The Personal Finance Planning 

Personal Finance can be planned while considering all of the above areas. Usually, the bankers or personal finance advisors prepare these plans for their clients to figure out their current financial needs as well as the future goals and propose the right course of action. 

The basic steps in the financial planning process are 

1- Analysis of  Current Financial Position

2- Set Personal Financial Goals

3- Derive the Plan and implementation

4- Monitor and Review


Analysis of Current Financial Position

It is also referred to as Financial Health, it is as important as your physical health is important. 

The simple method to check the financial health is to calculate the worth of all your assets ( cash, savings, investments, stocks, home, etc) and subtract the value or amount of liabilities ( loans, debt, car loans, etc) from the worth of assets. Suppose you own a house of Rs 50,00,000 and have to pay a bank loan of RS 10,00,000. So your net worth would be RS 40,00,000. 

The second important factor in your financial position is to measure the debt to income ratio.

It is calculated by dividing your monthly or yearly debt payment by your income for the same period. If your income is Rs 100000 per month and your monthly loan payments are Rs 15000. Then debt to income ratio is 15%. 

The third important factor in the assessment of your current financial position is to track your spendings. You should be aware of how much you spend on which category i.e medical, education, kitchen, repair maintenance, childcare, entertainment, etc. 


Set Personal Financial Goals

These goals vary from person to person depending mostly on the age and class of person, one's goal may be to have his own house or set a business, on the other hand at a later age after the 50s one might have a goal to design a retirement plan. Personal Financial advisors are advised to identify what you want to achieve in the short term ( plan a vacation, buying a car ) as well as long term ( own a house, insurance plan).

If you list down these goals you will have a better chance to achieve the goals. These are short-term, mid-term, and long-term goals. 

Short-term goals are setting up a budget, paying off debts, planning a vacation, or creating emergency funds.

Mid-term goals are to have an insurance plan, payoff long term loans, plan to buy a car, own a home, renovation of home and mortgage, etc

Long-term goals are social security, retirement plan, and pension schemes.

The simple key is to set your financial goals that must be S.M.A.R.T as 

Specific. Measurable. Attainable. Relevant. Time-bound

You should carefully set your personal financial goals depending upon your financial position and future requirements. 
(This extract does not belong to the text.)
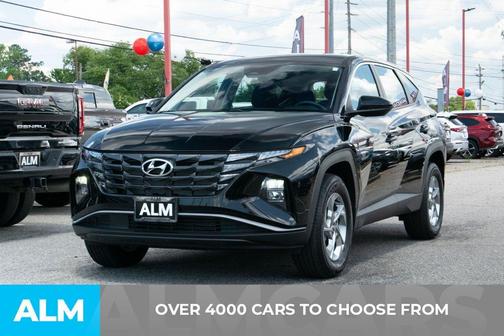 2024 Hyundai TUCSON SE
Derive the Plan and implementation


Financial planning refers to designing a roadmap to reach your financial goals while taking into account your financial position and future goals. You derive a strategy about your financial decisions like spendings and savings etc. In other words, a financial plan gives you control of your money. It mostly includes, where you can cut down your spendings? And what options enable you to have more savings? 
 If you have a financial plan as early as possible, you will be able to achieve your financial goals. Doesn't matter from where you start, and at what age you decide to start. But the important thing is how ambitious you are to improve your financial stability. 


Monitor and Review


Change is the only constant in this universe.  You may have some health issues, a new baby, a job shift, or a business crisis in the future. Your needs and goals may evolve as time passes. 
Some changes are so considerable and have a dramatic impact on your financial situation that you need to monitor or review your financial goals. It is important to communicate these changes to some financial consultants to review your financial goals. 
 

Conclusion


Personal finance is your skills to manage your money effectively to achieve your financial goals. You need to plan your financial life, track your spendings strictly such as when and what to spend, optimize the best use of every penny you earn by adequately monitoring your investments, and be critical in the selection of protection plans. Success only belongs to good planning and discipline. Furthermore, the right strategy only derives from the right information and analysis. This is how you can achieve your financial goals.